A arbitragem em litígios emergentes de relações de direito administrativo manteve-se nos últimos anos cativa do Código de Processo nos Tribunais Administrativos (CPTA), não granjeando da mesma sorte que a arbitragem voluntária nacional, que soube desenvolver–se e autonomizar-se fora dos muros processuais, procurando assim fugir aos cânones do processo civil.
A anterior reforma do contencioso administrativo em 2002, da qual resultou o CPTA, definiu quais as matérias em que os litígios administrativos podem ser sujeitos a arbitragem, isto é, matérias contratuais, responsabilidade civil extracontratual e alguns actos administrativos que possam ser revogados sem fundamento na sua invalidade, bem como alguns litígios emergentes de relações jurídicas de emprego público. Por outras palavras, com tal enumeração o legislador pretendeu arredar a possibilidade de os tribunais arbitrais anularem, ou declararem nulos, actos administrativos, destruindo todos os efeitos na ordem jurídica, fora das hipóteses referidas anteriormente.
Entretanto passaram-se 13 anos, e a onda imparável da arbitragem, enquanto forma de resolução alternativa de litígios – que varreu algumas áreas do direito, estando desde logo à cabeça as relações contratuais comerciais – acabou por ser recebida pelo direito administrativo, como que antecipando o eventual alargamento do âmbito da arbitragem à apreciação da legalidade de actos administrativos, domínio que tradicionalmente era da competência exclusiva dos tribunais do Estado.
A reforma do contencioso administrativo entrará em vigor já no próximo dia 2 de Dezembro de 2015. O âmbito da jurisdição arbitral é estendido às questões relativas à validade de actos administrativos, salvo nos casos em que a lei disponha em contrário, tornando-se equiparada ao âmbito da jurisdição dos tribunais do Estado.
Trata-se de uma alteração de fundo muito significativa. Abre-se assim as portas a que os particulares possam discutir com a administração, em sede arbitral, desde que cumpridos certos pressupostos, a validade e a eficácia de actos administrativos.
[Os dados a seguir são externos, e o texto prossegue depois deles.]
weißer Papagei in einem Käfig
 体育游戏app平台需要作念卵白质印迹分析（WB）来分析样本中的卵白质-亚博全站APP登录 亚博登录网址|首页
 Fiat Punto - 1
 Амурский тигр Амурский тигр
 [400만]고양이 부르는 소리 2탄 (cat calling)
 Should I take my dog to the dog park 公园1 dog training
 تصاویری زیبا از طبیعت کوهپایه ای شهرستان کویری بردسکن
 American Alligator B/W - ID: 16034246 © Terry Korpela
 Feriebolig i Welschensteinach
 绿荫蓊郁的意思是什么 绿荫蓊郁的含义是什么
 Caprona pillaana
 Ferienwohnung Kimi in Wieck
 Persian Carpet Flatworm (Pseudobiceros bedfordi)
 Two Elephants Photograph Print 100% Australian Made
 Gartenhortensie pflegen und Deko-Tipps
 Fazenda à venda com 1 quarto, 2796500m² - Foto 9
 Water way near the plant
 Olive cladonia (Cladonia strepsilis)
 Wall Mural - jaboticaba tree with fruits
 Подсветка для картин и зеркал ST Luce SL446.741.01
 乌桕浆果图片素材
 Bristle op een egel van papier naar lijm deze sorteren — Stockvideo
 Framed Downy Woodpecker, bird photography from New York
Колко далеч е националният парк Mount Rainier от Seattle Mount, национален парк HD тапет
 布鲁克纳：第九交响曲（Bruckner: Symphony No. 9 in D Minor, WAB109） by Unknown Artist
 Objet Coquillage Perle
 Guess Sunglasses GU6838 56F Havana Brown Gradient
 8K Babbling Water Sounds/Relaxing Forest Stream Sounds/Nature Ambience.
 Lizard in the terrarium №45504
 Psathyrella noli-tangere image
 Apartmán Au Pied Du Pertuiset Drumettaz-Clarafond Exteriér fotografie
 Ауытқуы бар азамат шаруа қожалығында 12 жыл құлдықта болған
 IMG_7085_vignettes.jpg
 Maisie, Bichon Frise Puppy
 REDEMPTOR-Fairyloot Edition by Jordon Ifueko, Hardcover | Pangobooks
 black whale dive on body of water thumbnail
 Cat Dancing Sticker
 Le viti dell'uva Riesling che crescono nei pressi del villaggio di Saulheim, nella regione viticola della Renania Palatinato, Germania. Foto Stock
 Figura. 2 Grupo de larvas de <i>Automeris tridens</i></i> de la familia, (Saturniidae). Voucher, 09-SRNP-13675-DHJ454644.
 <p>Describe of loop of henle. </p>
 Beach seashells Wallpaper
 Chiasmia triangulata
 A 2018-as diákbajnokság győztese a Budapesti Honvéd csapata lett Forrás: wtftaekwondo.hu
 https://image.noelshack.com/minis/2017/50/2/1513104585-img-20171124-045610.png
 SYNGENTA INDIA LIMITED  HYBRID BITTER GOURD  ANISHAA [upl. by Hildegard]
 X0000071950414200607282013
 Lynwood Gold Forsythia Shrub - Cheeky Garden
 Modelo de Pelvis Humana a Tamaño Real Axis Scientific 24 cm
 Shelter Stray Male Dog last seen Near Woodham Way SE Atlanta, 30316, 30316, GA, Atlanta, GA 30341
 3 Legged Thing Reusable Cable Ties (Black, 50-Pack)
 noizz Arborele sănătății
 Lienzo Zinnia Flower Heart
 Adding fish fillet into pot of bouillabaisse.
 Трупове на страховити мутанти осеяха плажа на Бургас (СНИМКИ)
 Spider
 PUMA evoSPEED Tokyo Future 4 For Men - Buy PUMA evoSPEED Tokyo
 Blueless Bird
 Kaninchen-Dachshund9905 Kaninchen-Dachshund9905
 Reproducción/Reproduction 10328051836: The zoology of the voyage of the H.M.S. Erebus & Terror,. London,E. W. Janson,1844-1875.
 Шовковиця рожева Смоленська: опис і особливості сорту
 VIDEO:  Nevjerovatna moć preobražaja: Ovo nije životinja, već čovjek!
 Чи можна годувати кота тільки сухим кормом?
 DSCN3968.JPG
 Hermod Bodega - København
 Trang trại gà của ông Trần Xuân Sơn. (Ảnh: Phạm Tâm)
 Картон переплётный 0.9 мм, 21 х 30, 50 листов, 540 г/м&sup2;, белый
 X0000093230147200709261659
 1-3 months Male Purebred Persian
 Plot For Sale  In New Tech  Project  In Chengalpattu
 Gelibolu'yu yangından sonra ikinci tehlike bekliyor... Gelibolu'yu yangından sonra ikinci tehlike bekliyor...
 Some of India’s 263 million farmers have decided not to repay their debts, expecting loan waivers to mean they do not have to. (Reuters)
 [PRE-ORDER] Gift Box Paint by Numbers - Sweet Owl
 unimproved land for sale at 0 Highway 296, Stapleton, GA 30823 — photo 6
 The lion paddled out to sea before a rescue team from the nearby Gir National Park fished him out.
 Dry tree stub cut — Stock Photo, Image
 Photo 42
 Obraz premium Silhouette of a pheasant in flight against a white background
E que o façam nos mesmos termos em que o fazem nos tribunais do Estado, isto é, com a possibilidade de os tribunais arbitrais os anularem, ou declararem nulos, com a consequente destruição de todos os seus efeitos na ordem jurídica. O legislador foi capaz de dar esse longo passo, mas manteve inalterado, a título de exemplo, um aspecto que pode minar a bondade da solução preconizada. Realmente manteve a figura dos contra–interessados em moldes excessivamente centrais. Ou seja, sem a aceitação do compromisso arbitral por parte de todos os contra-interessados não se considera regularmente constituído o tribunal arbitral, o que na prática poderá vir a revelar-se um factor desacelerador do sucesso da arbitragem em matéria de actos administrativos.
Por outro lado, é introduzida a obrigatoriedade de publicidade, por via informática, em base de dados organizada pelo Ministério da Justiça, das decisões proferidas por tribunais arbitrais que já não sejam passíveis de recurso. Essa opção pela transparência está de acordo com as melhores práticas internacionais e vai ajudar a credibilizar a arbitragem por destruir uma atmosfera de suspeições injustificadas que a confidencialidade ajudava a manter. E tem a vantagem adicional de, permitindo o acesso e o correspondente escrutínio das decisões arbitrais, contribuir para a uniformização das soluções adoptadas. Só a prática e o tempo dirão de que forma foi aproveitada esta oportunidade.